Content starts

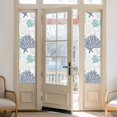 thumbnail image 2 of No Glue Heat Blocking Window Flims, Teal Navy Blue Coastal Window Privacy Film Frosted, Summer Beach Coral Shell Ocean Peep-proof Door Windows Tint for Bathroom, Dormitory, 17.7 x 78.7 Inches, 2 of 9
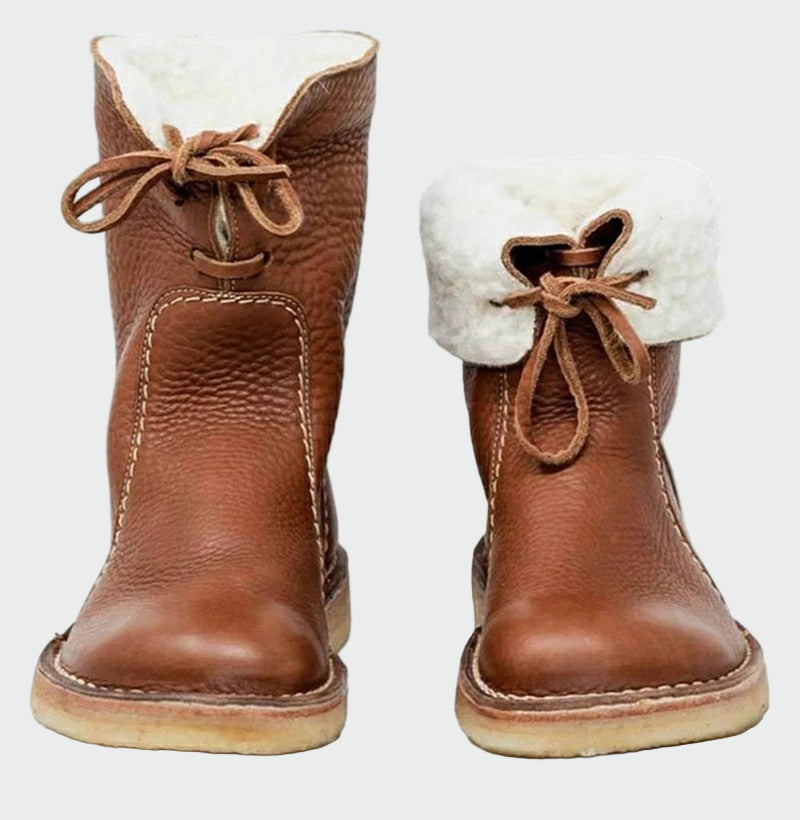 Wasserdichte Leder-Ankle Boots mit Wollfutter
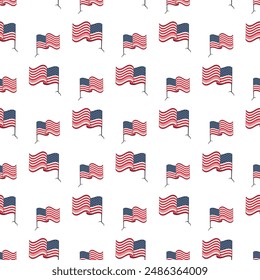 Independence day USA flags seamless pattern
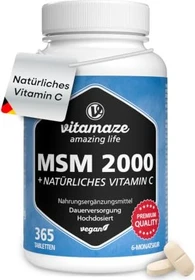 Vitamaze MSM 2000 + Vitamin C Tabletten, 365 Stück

Content ends

▸ Task brief: Print the listing again exactly as it appears, except for the pictures, which stay out.

▸ Response:
 thumbnail image 2 of No Glue Heat Blocking Window Flims, Teal Navy Blue Coastal Window Privacy Film Frosted, Summer Beach Coral Shell Ocean Peep-proof Door Windows Tint for Bathroom, Dormitory, 17.7 x 78.7 Inches, 2 of 9
 Wasserdichte Leder-Ankle Boots mit Wollfutter
 Independence day USA flags seamless pattern
 Vitamaze MSM 2000 + Vitamin C Tabletten, 365 Stück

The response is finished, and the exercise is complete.